Вот другой пример такого, якобы затрудненного, а на деле точного, описания сложного не познанного пока явления, попытка добраться словом до неуловимого и непонятного, охватить его образами:

«Как ни поглощено внимание игрока картами, оно связано в центре, но свободно по периферии. Оно там, в тени, среди явлений, скрытых тенью. Слова <…>: „Что у вас?“ могли вызвать разряд из области тени раньше, чем, соответственно, блеснул центр внимания. Ассоциация с чем бы то ни было могла быть мгновенной, дав неожиданные слова, подобные трещинам на стекле от попавшего в него камня. <…> Таинственные слова Гарвея есть причудливая трещина бессознательной сферы» (5, с. 22).

Здесь не видно никаких попыток ни искусственно затрудненной речи, ни стилизации. Проза имитирует чистую мысль, свободную от стеснений: в той же «Бегущей» героиня запутана в темном убийстве и должна дать показания. Герой думает:

«Но, уже зная ее немного, я не мог представить, чтобы это показание было дано иначе, чем те движения женских рук, которые мы видим с улицы, когда они раскрывают окно в утренний сад» (5, с. 157).

Так, напролом через грамматику, торжествует мысль. Образ женщины, насквозь ясной и чистой, передается образом окна, распахивающегося в утренний сад, – с беспрецедентной и невозможной связкой на живую нитку «не… иначе, чем» между обстоятельством образа действия и подлежащим придаточного предложения.

Для поколения читателей, выросших на Грине, а Набокова узнавших двадцатью годами позже, сходство между двумя писателями очевидно. Для «шестидесятника» с байдаркой, «Бригантиной» и братьями Стругацкими интонации Грина кажутся неотличимы от набоковских: «И будешь только вымыслу верна!» Для него и фраза, сказанная об Ассоль: «Она читала между строк, как жила» – могла быть написана о Зине Мерц, и неологизм «своеземец», выдуманный Набоковым по аналогии с «чужеземец» в рассказе «Удар крыла» (1923), мог бы быть находкой Грина. Поэтому так отрадно, что бесчисленные непрямые совпадения и, наконец, прямая отсылка Набокова к Грину подтверждают то, что казалось собственной наивной неразборчивостью.

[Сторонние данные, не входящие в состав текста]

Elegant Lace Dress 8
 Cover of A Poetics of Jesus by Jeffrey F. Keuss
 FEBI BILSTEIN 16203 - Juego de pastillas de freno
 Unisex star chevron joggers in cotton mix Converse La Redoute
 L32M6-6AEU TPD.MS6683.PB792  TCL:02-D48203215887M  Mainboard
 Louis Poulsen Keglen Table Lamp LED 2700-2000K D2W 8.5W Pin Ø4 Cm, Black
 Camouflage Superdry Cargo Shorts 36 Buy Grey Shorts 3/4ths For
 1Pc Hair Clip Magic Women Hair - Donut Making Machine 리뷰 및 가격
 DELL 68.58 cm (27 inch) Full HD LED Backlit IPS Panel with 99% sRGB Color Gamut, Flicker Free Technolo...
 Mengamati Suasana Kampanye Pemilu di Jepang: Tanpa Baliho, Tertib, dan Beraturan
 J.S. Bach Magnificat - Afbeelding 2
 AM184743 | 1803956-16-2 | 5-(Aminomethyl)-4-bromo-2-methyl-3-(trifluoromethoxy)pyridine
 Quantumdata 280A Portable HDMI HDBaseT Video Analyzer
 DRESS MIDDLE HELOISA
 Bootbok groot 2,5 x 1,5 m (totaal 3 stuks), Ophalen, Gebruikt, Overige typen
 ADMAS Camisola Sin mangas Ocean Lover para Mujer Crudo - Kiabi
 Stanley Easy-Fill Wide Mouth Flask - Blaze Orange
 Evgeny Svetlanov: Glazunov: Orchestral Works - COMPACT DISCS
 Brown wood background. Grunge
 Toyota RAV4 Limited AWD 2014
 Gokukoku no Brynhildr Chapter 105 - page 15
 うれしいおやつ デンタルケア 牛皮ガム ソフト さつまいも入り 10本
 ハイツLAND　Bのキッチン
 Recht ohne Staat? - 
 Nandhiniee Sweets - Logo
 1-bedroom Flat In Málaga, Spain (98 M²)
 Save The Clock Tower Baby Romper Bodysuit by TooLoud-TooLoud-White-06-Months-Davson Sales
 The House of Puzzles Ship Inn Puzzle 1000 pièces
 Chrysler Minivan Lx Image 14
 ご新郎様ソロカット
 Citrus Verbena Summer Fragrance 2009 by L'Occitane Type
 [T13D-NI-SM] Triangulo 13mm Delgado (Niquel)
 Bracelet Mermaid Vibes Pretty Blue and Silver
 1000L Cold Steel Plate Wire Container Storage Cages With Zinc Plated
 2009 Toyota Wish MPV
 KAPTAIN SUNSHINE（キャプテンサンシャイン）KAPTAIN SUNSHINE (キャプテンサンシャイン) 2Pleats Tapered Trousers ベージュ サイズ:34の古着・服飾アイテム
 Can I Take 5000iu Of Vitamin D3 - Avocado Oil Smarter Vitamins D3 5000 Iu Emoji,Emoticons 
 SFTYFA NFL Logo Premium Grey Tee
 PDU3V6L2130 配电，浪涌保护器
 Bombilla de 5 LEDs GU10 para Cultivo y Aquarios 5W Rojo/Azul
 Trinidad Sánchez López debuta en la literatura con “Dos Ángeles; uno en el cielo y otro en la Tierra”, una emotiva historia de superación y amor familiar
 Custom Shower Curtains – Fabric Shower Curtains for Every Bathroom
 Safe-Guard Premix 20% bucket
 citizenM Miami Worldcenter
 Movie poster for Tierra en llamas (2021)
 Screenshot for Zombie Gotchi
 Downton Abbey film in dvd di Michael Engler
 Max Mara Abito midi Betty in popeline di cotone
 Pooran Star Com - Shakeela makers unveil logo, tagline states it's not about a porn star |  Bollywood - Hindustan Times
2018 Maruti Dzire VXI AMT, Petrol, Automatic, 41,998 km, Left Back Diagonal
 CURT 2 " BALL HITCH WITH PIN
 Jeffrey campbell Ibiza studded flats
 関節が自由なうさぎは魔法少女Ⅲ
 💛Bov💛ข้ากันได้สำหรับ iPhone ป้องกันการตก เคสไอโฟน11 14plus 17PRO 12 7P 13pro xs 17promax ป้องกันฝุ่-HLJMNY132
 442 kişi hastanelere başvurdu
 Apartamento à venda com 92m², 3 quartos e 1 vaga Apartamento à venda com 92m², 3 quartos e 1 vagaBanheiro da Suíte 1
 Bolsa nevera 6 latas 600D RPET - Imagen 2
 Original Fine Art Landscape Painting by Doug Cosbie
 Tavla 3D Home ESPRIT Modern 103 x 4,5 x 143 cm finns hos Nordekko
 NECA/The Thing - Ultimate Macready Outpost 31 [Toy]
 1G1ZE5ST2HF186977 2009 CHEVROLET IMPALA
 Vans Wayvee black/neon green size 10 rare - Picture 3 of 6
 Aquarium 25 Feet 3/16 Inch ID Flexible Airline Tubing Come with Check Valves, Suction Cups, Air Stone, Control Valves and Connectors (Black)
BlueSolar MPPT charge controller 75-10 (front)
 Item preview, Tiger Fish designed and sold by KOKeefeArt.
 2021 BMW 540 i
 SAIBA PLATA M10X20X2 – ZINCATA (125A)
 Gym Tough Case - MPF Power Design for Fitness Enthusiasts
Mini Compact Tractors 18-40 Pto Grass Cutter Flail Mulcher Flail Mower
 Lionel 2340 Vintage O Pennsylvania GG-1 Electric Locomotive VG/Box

Мадемуазель и Медный всадник: источники и составные части ранних рассказов Набокова

После совсем ранних опытов в сказочном жанре Набоков в прозе идет по двум параллельным направлениям. Первое – это псевдопереводная новелла. В отличие от псевдопереводного романа с его играми с фиктивными авторами, она легко обходится без всякого камуфляжа: чаще всего она связана с удивительным, фантастическим, невероятным. Это новеллы «Удар крыла», «Месть», «Картофельный эльф». Им присущ космополитический амбианс и легкие смещения относительно норм русского языка, создающие впечатление неуклюжего перевода с иностранного. Итак, в то время, как в своих переводческих дебютах молодой Набоков проводил политику полной русификации, как в «Ане в стране чудес» или в «Николке-персике», в оригинальной русской новелле он пытался использовать расширяющие норму возможности псевдопереводного стиля.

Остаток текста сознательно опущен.